Eamon Bulfin (also spelled Eamonn; 1892–1968) was an Argentine-born Irish republican. He was the son of writer William Bulfin (1864–1910) of Birr, in County Offaly (then called King's County). His father had emigrated to Argentina at the age of 20 and was a writer and journalist who became the editor/proprietor of The Southern Cross.

== Early life and family ==
Bulfin's first name is spelled with a double 'n' – Eamonn – in his marriage registration, death registration, and in the 1911 census, and is given in his signature on his Bureau of Military History witness statement and his military pension application.

Bulfin's mother, Annie O'Rourke, employed as a governess on the same estancia, crossed paths with his father, William Bulfin. As fellow Westmeath natives they found common ground and their relationship withstood distance when William left the gaucho lifestyle in the late 1880s to work at The Southern Cross newspaper in Buenos Aires. They tied the knot in approximately 1890 and established roots in Buenos Aires. Eamonn was born in 1892. Subsequently, they had four daughters named Catalina, Mary, Aileen, and Anita.

Bulfin studied at PH Pearse's school, Sgoil Éanna (in English, St Enda's), and at University College Dublin. One of headmaster Pearse's favourite pupils, he assisted with teaching after he graduated. He was recruited to the Irish Republican Brotherhood in 1913, and joined the Irish Volunteers, and along with some fellow St Enda's students created home-made bombs in the school's basement in preparation for the Easter Rising.

One of the flags raised by Bulfin during the Easter Rising of 1916.

In the Easter Rising of 1916, he served as an Irish Volunteers lieutenant in the GPO. Upon the arrival of the two flags, James Connolly requested that Bulfin raise the green flag bearing the words Irish Republic on the Prince's Street corner. The tricolour was then hoisted on the corner with Henry Street. Following the rising he was condemned to death, but was reprieved and deported to Buenos Aires after internment in Frongoch internment camp in Wales along with the other Irish soldiers of the Rising.

His sister Catalina (1901–1976) was secretary to Austin Stack. Catalina Bulfin married the Nobel Prize winner Seán MacBride, a founding member of Amnesty International, the son of Major John MacBride and Maud Gonne.

Bulfin married Nora Brick in 1927, and they had four children, one of them the sculptor Michael Bulfin.

== Career ==
Éamon de Valera made Bulfin Irish Representative to Argentina. De Valera described Bulfin's job as to "inaugurate direct trade between Ireland and the Argentine Republic… to co-ordinate Irish opinion in the Argentine, and to bring it into the Irish demand for a republic." While carrying out these duties, Bulfin maintained a close line of communication with Michael Collins in Ireland.

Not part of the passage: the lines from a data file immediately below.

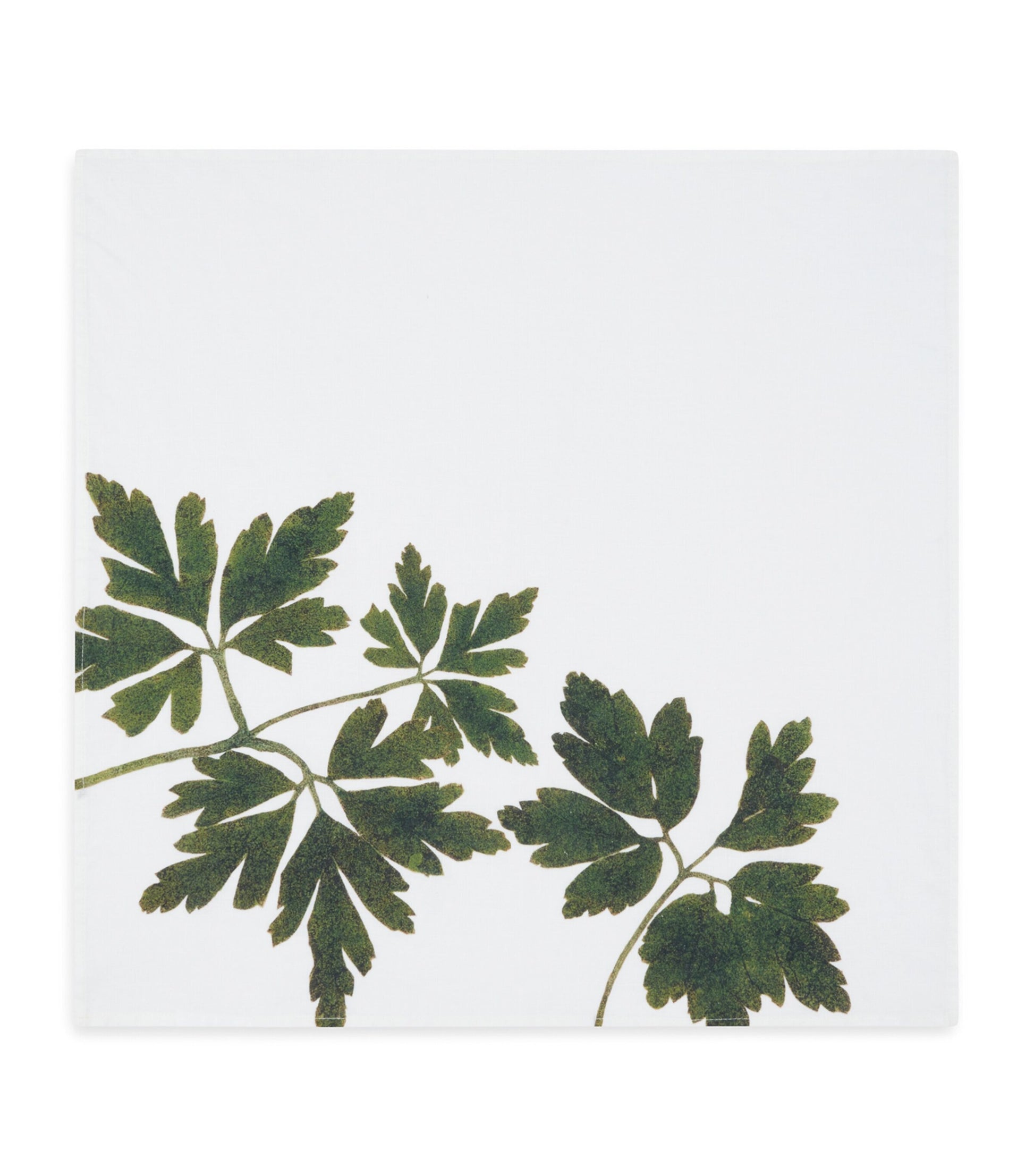 Set of 6 Linen Gastronomic Herb Garden Napkins (50cm x 50cm)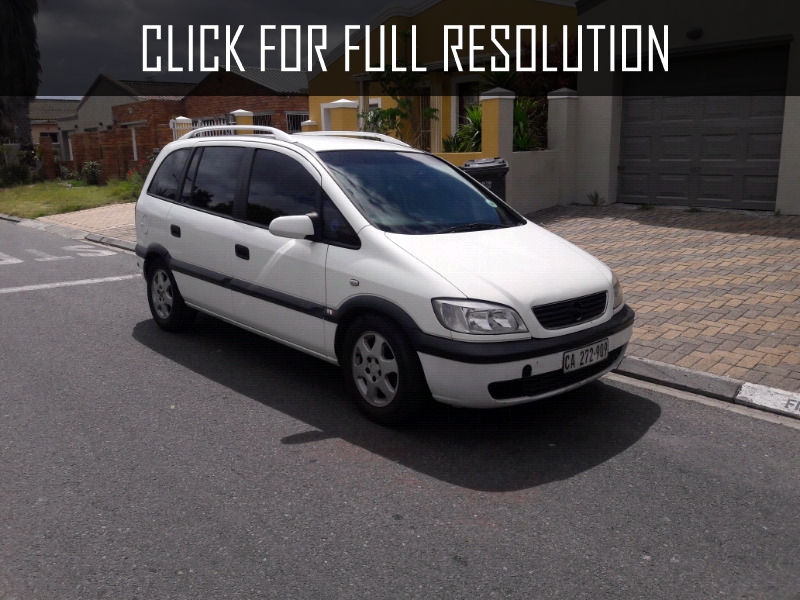 Opel Zafira 7 Seater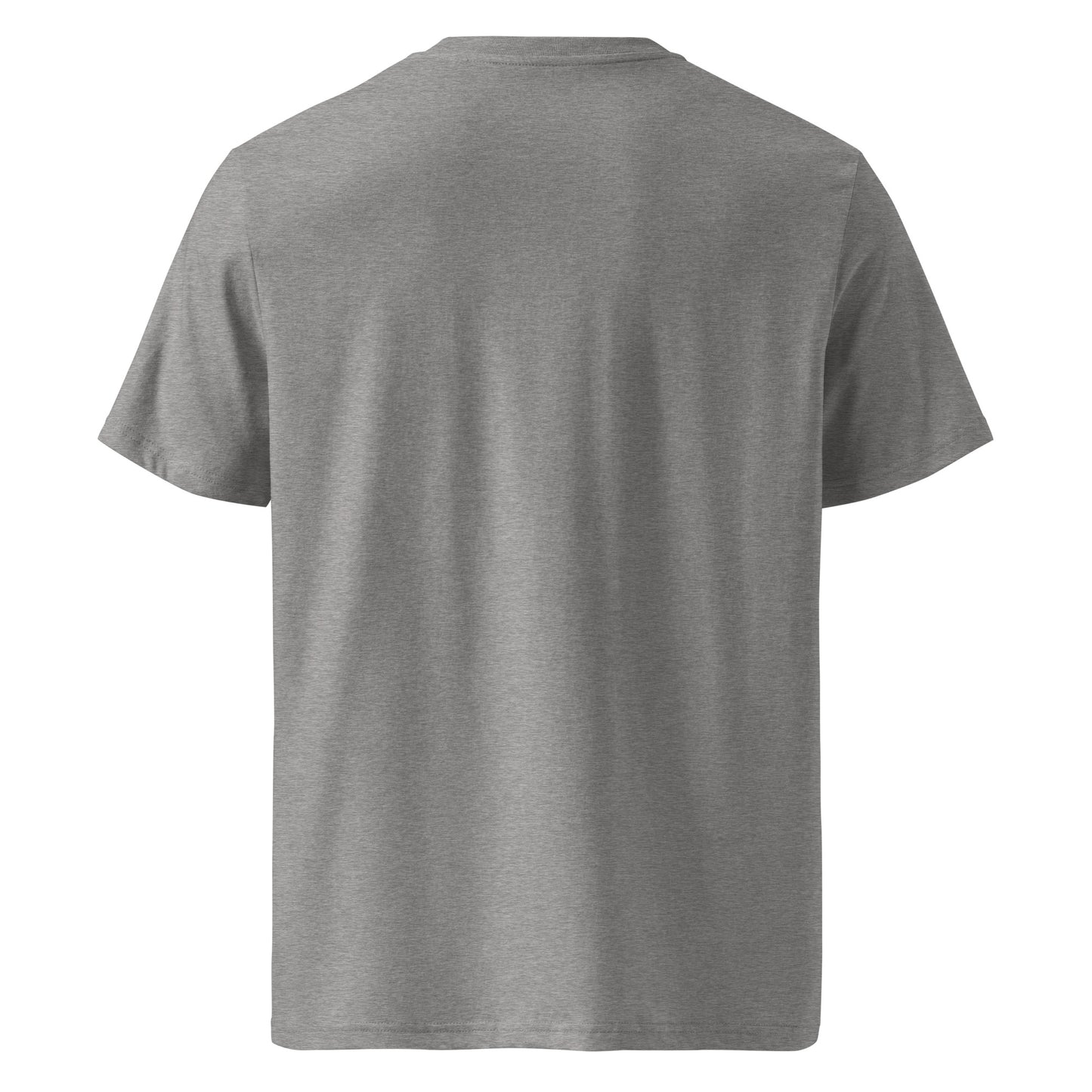 Unisex Organic Ribbed Neck T-Shirt - ClotheNest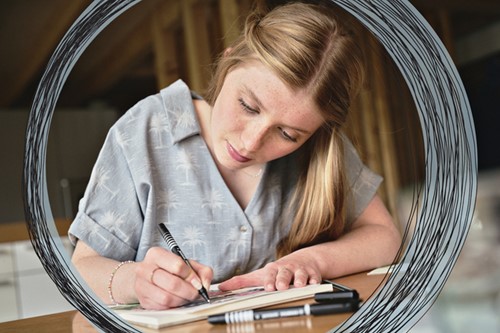Fineliner STABILO Sensor 189/8 F ass 8st 8 Stuk-2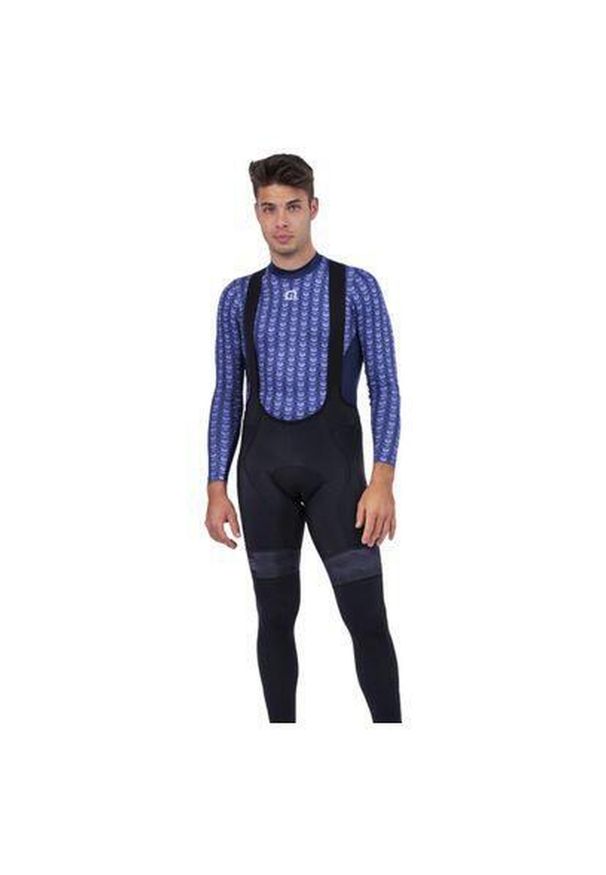 ALÉ CYCLING - Spodnie rowerowe męskie Alé Mild bibtights. Kolor: czarny. Sport: kolarstwo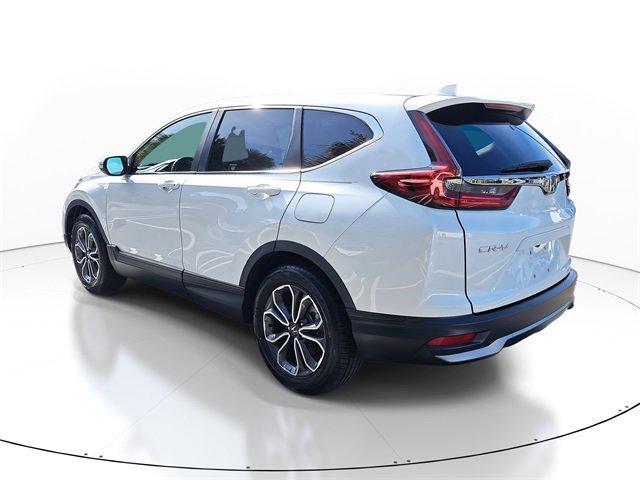 Photo of 2022 Platinum White Pearl Honda CR-V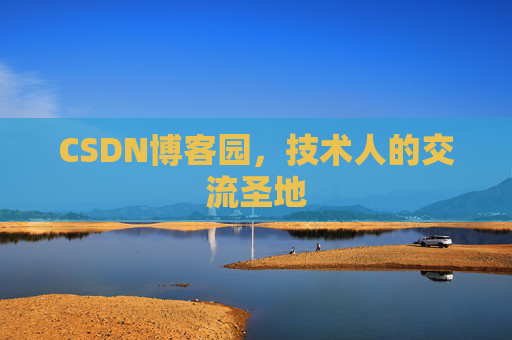 CSDN博客园，技术人的交流圣地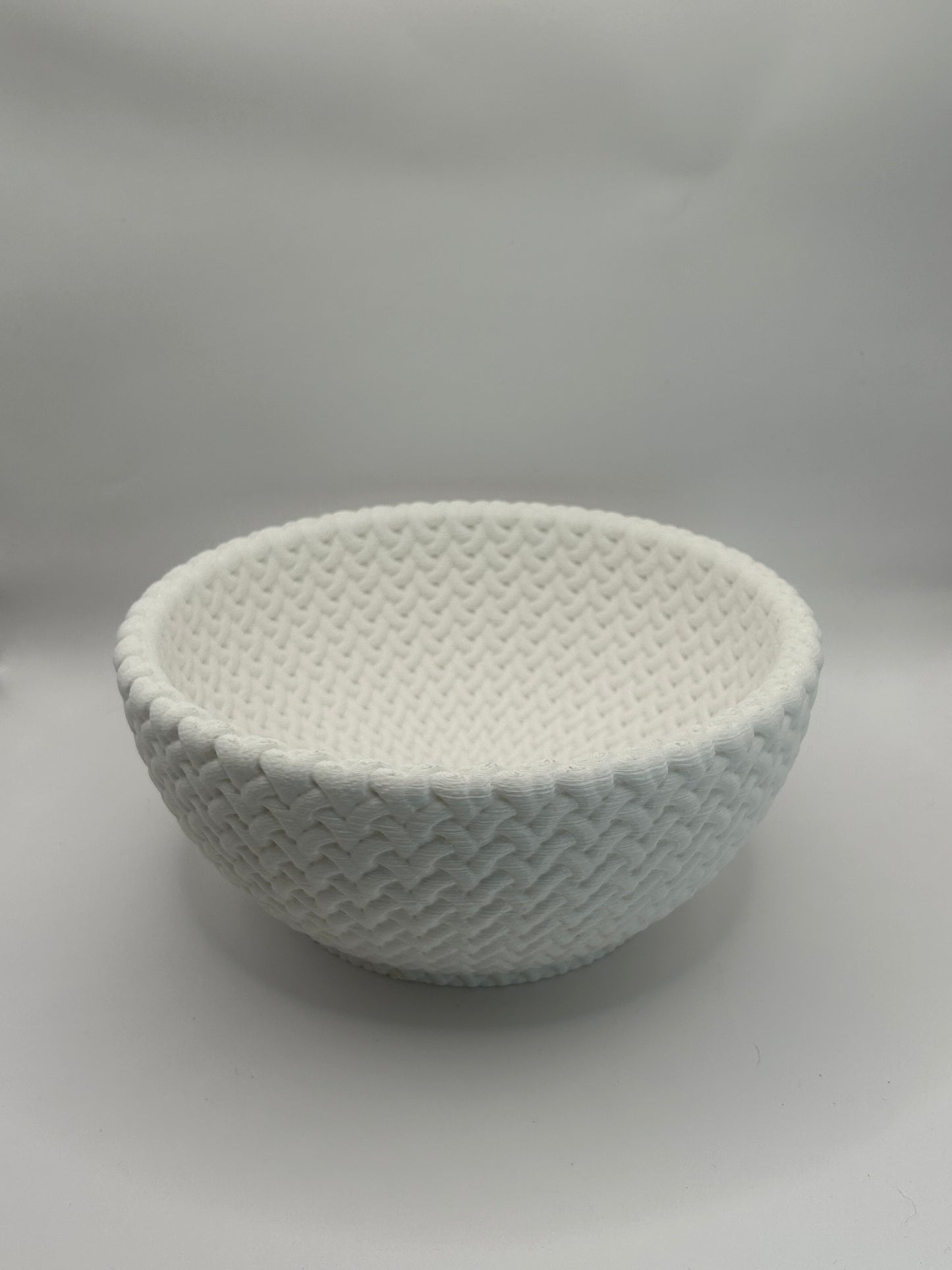 Knitted Bowl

Bulfin was one of several representatives abroad appointed for that purpose during the War of Independence, and recognition of the importance of their work led to the establishment in February 1921 of a Department of Foreign Affairs.

In the 1920 County Council elections, Bulfin was nominated in his absence for a seat on the council of Offaly, his family's county of origin. He was elected and though he was in Argentina, immediately appointed chairman of the council. One of the first actions of the new council was to agree that King's County be renamed Offaly, from Uí Fáighle, the name of the ancient Gaelic kingdom from which part of the modern county was formed.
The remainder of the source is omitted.